MIDI stands for Musical Instrument Digital Interface. MIDI’s digital signal carries information on pitch, velocity, vibrato, panning and much more – and because it’s universal, it’s compatible with pretty much any brand or platform. MIDI was pioneered by synth legend Dave Smith and Roland founder Ikutaro Kakehashi in the early ‘80s, alongside representatives from Yamaha, Korg and Kawai. The aim was to provide a universal language that would allow instruments to communicate with each other.
It’s most commonly used to control synthesizers and DAW instruments via a controller. This could be anything from a MIDI keyboard to an electronic drum kit. MIDI is usually connected via a round 5-pin connector, often with both in & out functionality. You also see 2.5mm jack connections from time to time. Many modern controllers and instruments have a built-in MIDI interface, meaning you can plug them to your laptop via USB. Other devices and hardware, such as legacy instruments, require an interface to allow you to use them in your DAW.
If you’re looking to get MIDI-connected on a budget, you can easily pick up a simple interface for less than £100. Brands like M-Audio and Roland make great little units that’ll convert your 5-pin MIDI connector to USB or similar. This takes care of all the hard work, turning your digital MIDI signal into something that any DAW can understand. This is perfect for connecting electronic drum kits, digital pianos, synthesizers and any other device that has direct MIDI output.
MIDI interfaces are generally available across all price points. Upping your budget to within the £300 mark will offer a number of additional features that may well come in handy.
Many of the interfaces featured in the list above double up as both audio and MIDI interfaces. This makes them brilliant tools for any musician. Whether you’re a singer-songwriter doing some home recording, or a performing DJ looking for easy connectivity, having both audio and MIDI in the same place can be extremely useful.
By spending a little more, there’s also a chance that you’ll get more than one input/output. This is great for using multiple synthesizers, keyboards or electronic drum kits in a performing or recording setting. It’ll allow you synchronise all instruments with each other, as well as with your DAW – brilliant for electronic music.
If you’ve got a MIDI instrument or device without USB connection, it can be difficult to record or experiment with your ideas on the fly. A portable MIDI interface might just do the trick, allowing you to get connected with minimal hassle.
You can get great portable MIDI interfaces from brands like IK Multimedia (the iRig), Roland, Zoom and more.

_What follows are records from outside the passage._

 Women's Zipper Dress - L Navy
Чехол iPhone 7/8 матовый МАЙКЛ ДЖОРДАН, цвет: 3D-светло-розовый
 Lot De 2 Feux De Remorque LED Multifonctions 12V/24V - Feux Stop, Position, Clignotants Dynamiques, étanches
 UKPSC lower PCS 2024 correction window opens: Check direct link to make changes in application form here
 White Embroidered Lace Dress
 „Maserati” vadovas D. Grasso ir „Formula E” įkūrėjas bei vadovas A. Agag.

They essentially work the same as any MIDI interface, but are more compact and lightweight – perfect for slipping into a gig bag, keyboard case or laptop sleeve.

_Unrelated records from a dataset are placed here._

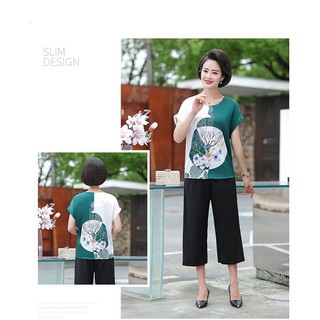 Bộ quần áo mặc nhà cho mẹ - chất lụa ( ME2141)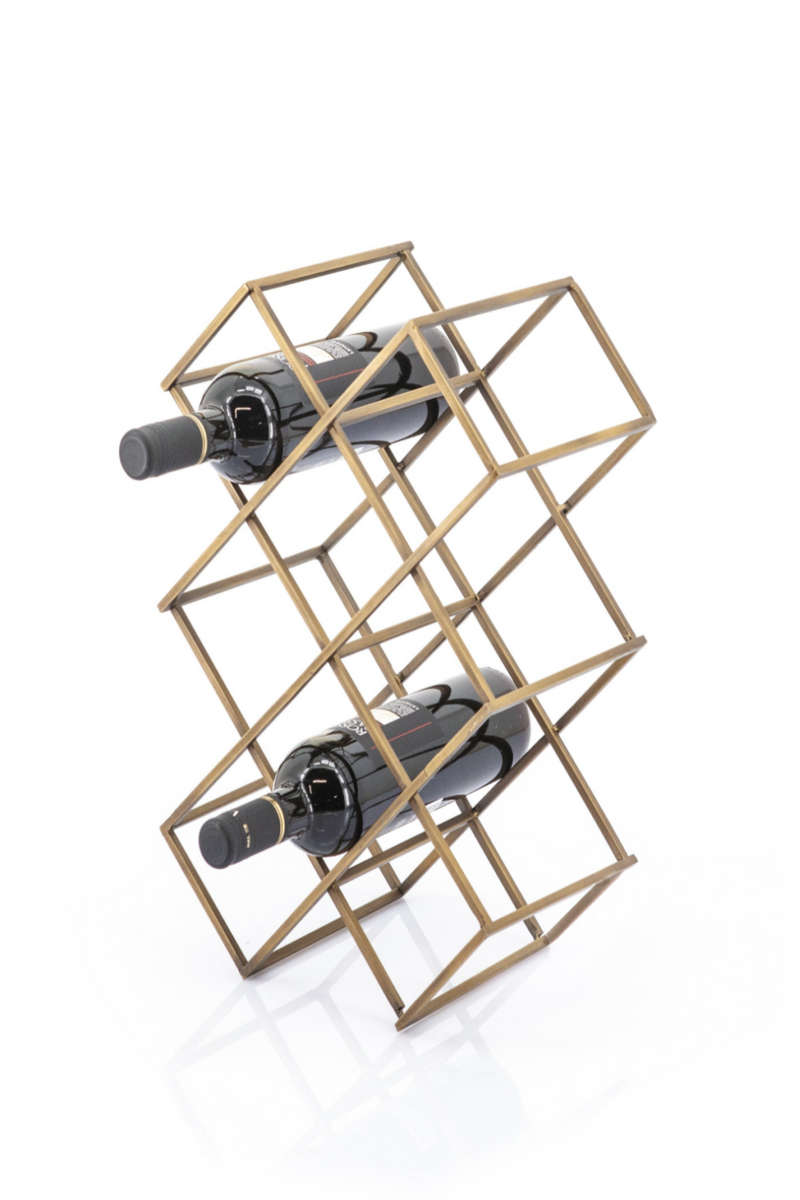 Gold Geometric Wine Rack (S) | By-Boo Burly | DutchFurniture.com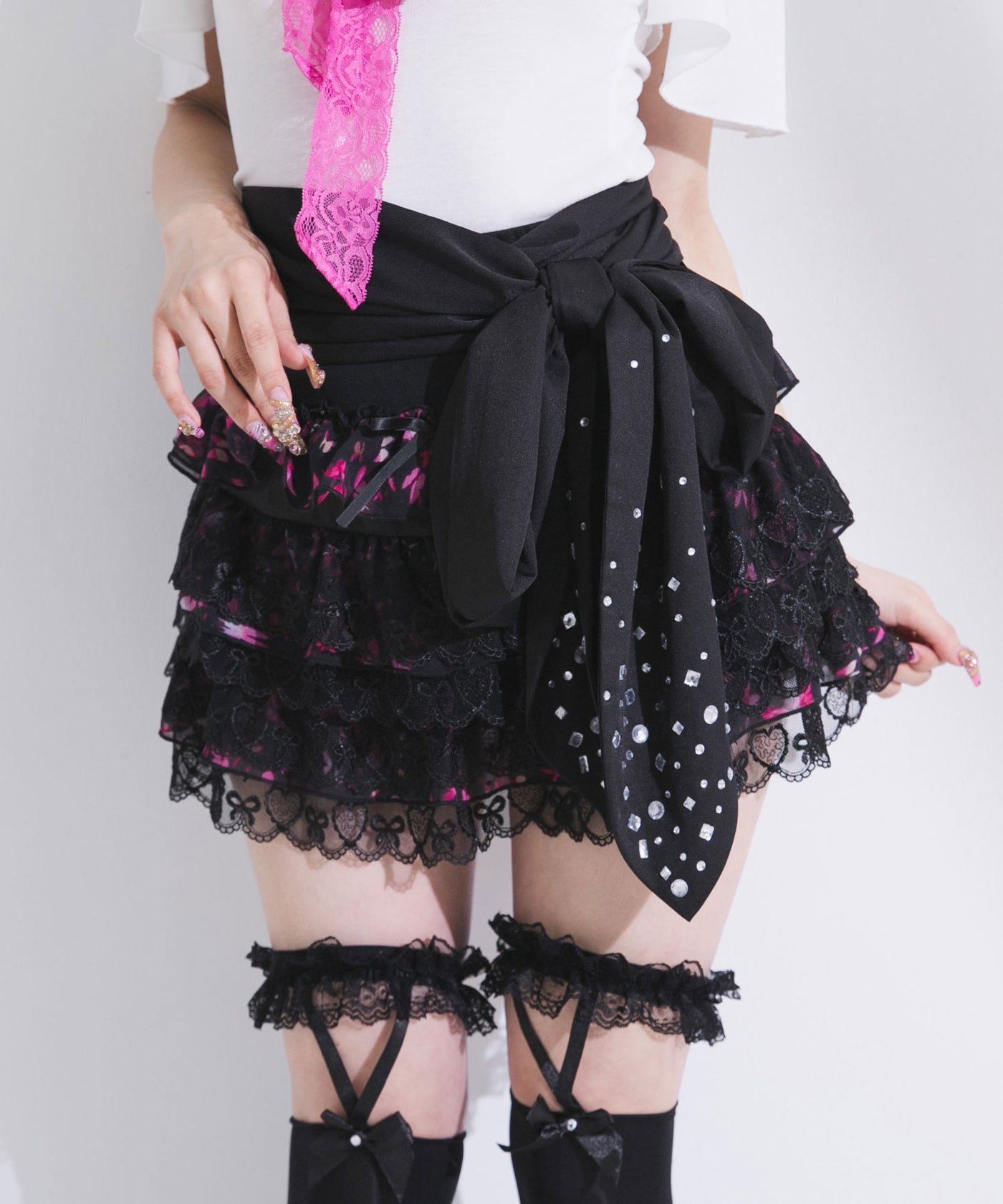 黒 花柄 レース ミニスカート 花柄レースティアードミニスカート【大きいサイズ有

As mentioned earlier, some of the more portable interfaces come with 2.5mm MIDI jacks instead of the 5-pin standard, which helps to keep them compact without sacrificing functionality. Some of our portable interface selection is also compatible with devices like iPads and smartphones, great for creativity on-the-go.
If you’ve got a dedicated creative space and need MIDI connectivity, you may have a bit more leeway. You don’t need to worry about portability, first of all – larger interfaces tend to have a few more features to work with, naturally!
Our choices (Steinberg, M-Audio, Presonus) offer everything from increased connectivity to better recording latency. Having more MIDI connections offers greater synchronicity, especially if recording multiple MIDI instruments at once. Modern thunderbolt and USB-C connections offer improved latency for seamless tracking and real-time mixing. As mentioned earlier, some of these options double up as audio interfaces, making them ultra-practical for studio use.
These options are similar to the portable ones we mentioned above, but narrowed down specifically for use with iPads and iPhones. This means they have Apple lightning connectivity, and are super compact for portable recording and experimentation. Some of them even have audio capability, including jack inputs and phantom power for microphones. Connect to Garageband or your music app of choice and get creative - winner!
MIDI interfaces – Windows or Mac?
Because MIDI is a universal language, you’ll often find that interfaces work perfectly with any DAW, regardless of the operating system you’re using – Logic on Mac, Pro Tools on PC, whatever you like. Connectivity is the main consideration here: lightning connections are exclusive to Apple mobile devices, while thunderbolt is more commonly found on Apple computers. Always check with the manufacturer if you’re unsure!